About the same time this was happening, my brother and his wife separated. They aren't actually divorced, at least not yet, but they aren't living together, and have no immediate plans to get back together. Christmas was at Ron's house this year. It was strange without her. Is the situation affecting Alan, their son? I don't think there's any question about it.
Another case that was closer to home (certainly so geographically), was with my dance group. For some time the group has been nominally led by a steering committee made up of all the dancers interested enough to show up for very occasional meetings; the steering committee was formed by the couple that had kept things going for years, and it really started steering when they moved off to Atlanta. I began editing the newsletter shortly before they left, and was a part of the committee. I say the steering committee nominally led because much of the day-to-day operation of the group was done by volunteers who just did things. Especially the callers had a lot of autonomy for arranging the dances they called.
One of the callers, Fred, was a particularly hard worker. He kept the sound system at his place, and carried it to all the dances for setting up. He had a lot of very particular ideas on how things should be done; the exact way a speaker should be set up, or a cable rolled, the way an advertisement should be done, etc. The steering committee pretty much let him have his way in exchange for all the work he did. We weren't always real happy with the results, but it meant we got to dance without worrying about all the details, and avoided confrontation. At least that worked until Fred decided to dissolve the Senate...
That's the steering committee, I mean. It's not quite this simple, but basically Fred decided since he was doing all the work (in his opinion), the dance belonged to him. The North Alabama Country Dance Society (NACDS) was dancing in two different places by this time, with one being pretty much totally run by Fred, the other being more of a group effort. Fred chose a separation where he took the sound system and two dances, leaving us with the bank account and one dance. And hurt feelings and confused dancers. After many meetings, discussions, recriminations, and e-mail messages, the result has been an official break between Fred and NACDS, negotiation for custody of part of the sound system, and a reorganization of NACDS into an official group with officers and by-laws and such to prevent such a mess from happening again. I'm now the group's official Treasurer, and unofficial Internet geek.

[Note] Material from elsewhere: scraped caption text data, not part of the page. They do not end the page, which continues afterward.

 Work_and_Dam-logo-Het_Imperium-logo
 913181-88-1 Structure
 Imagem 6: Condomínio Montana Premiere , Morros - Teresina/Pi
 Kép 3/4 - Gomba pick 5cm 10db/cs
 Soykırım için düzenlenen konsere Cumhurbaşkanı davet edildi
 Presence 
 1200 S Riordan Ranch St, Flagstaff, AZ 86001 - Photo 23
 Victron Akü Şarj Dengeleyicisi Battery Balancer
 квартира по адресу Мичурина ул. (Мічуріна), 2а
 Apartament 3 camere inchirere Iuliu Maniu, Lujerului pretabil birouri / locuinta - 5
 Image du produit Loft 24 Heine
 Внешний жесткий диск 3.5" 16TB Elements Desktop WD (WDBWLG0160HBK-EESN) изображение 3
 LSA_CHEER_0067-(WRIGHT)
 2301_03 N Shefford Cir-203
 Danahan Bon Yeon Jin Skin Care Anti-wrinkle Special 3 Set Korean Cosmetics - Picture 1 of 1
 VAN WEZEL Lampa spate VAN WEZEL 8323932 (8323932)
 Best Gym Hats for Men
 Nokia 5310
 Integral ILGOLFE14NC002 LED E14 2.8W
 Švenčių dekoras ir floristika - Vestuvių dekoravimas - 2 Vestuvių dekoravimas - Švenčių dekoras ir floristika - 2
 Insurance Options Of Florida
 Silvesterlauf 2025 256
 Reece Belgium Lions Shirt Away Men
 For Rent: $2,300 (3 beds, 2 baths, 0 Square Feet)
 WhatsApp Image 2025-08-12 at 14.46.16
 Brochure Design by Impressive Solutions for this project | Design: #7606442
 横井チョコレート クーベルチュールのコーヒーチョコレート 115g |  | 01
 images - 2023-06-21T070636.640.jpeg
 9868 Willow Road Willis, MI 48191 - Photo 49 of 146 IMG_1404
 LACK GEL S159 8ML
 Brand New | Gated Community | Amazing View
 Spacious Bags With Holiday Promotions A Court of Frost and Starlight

I realize this all sounds pretty silly if you're not involved. But the whole situation was remarkably painful, much like a divorce or a church split.
The final divorce, and the most personal one, was between me and my dissertation. After years of working, fretting, worrying, and praying (all in varying proportions through the years), I finally came to the decision to cease work on my Ph.D. program. The official date would be April 12, when I talked to my advisor, Dr. Grigsby. With the dance group I was on the side of the dumped. In this case I was the dumper. While I was never officially married to my dissertation, there was certainly a level of commitment and sacrifice there. We lived together for 7 years, so perhaps common law marriage was in effect! Okay, I didn't work quite that long on the dissertation, but I had been working longer than 7 years on the degree. I felt a great deal of guilt in the desertion. Partly due to all of the investment of time and effort -- perhaps more so by the fear that I'm learning how to abandon commitments. Another reason to fear marriage, experience in running from problems. This is not a relationship skill I need to reinforce, at least not if marriage is a potential result. I do regret the effort wasted, but I'm glad the decision is made. I'm already enjoying work more than I have in years, even though the repercussions of the decision aren't all in on the work front.